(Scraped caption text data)
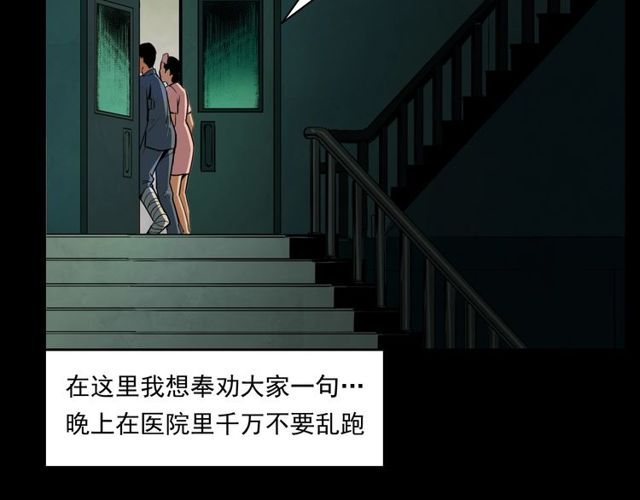 第163话  午夜场之想抽烟！108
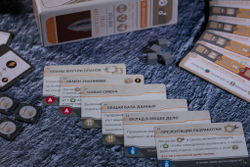 Галактический круиз. Прогресс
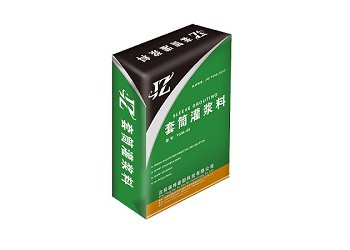 沈陽CGM鋼筋連接用套筒灌漿料裝配式住宅基礎(chǔ)連接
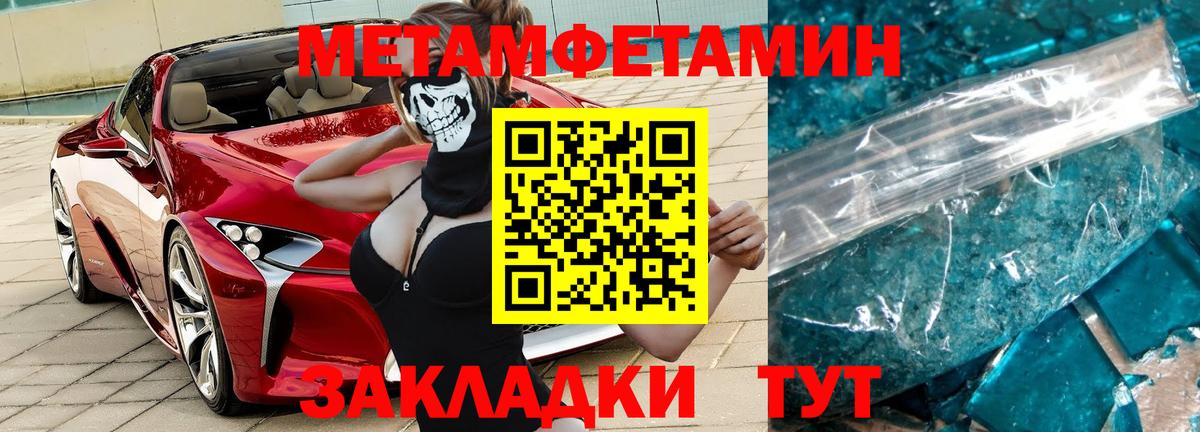 Ступино  Метамфетамин Methamphetamine  МЕТАМФЕТАМИН  Вход с VPN 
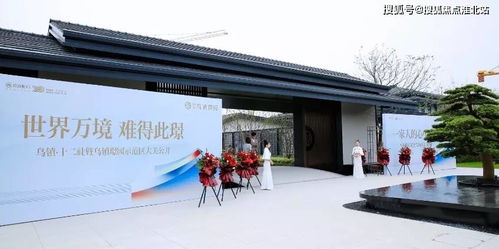 湖北美食城招聘电话,湖北美食园股份有限公司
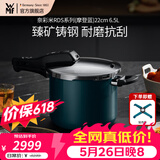 WMF福腾宝高压锅原装进口奈彩米防爆家用不锈钢压力锅燃气电磁炉 奈彩米RDS系列(摩登蓝)22cm6.5L 22cm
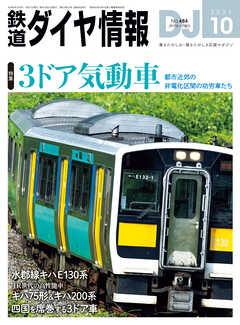 鉄道ダイヤ情報2024年10月号 - 鉄道ダイヤ情報編集部 - 雑誌・無料試し読みなら、電子書籍・コミックストア ブックライブ
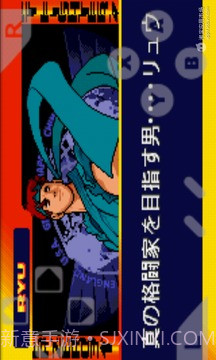 街头霸王zeroIII免费版截图3 街头霸王zeroIII免费版截图3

ASSIGNMENT:
Restate each entry word for word, please, but drop any images it holds.

EXERCISE RESULT:
 第163话  午夜场之想抽烟！108
 Галактический круиз. Прогресс
 沈陽CGM鋼筋連接用套筒灌漿料裝配式住宅基礎(chǔ)連接
 Ступино  Метамфетамин Methamphetamine  МЕТАМФЕТАМИН  Вход с VPN 
 湖北美食城招聘电话,湖北美食园股份有限公司
 WMF福腾宝高压锅原装进口奈彩米防爆家用不锈钢压力锅燃气电磁炉 奈彩米RDS系列(摩登蓝)22cm6.5L 22cm
 鉄道ダイヤ情報2024年10月号 - 鉄道ダイヤ情報編集部 - 雑誌・無料試し読みなら、電子書籍・コミックストア ブックライブ
 街头霸王zeroIII免费版截图3 街头霸王zeroIII免费版截图3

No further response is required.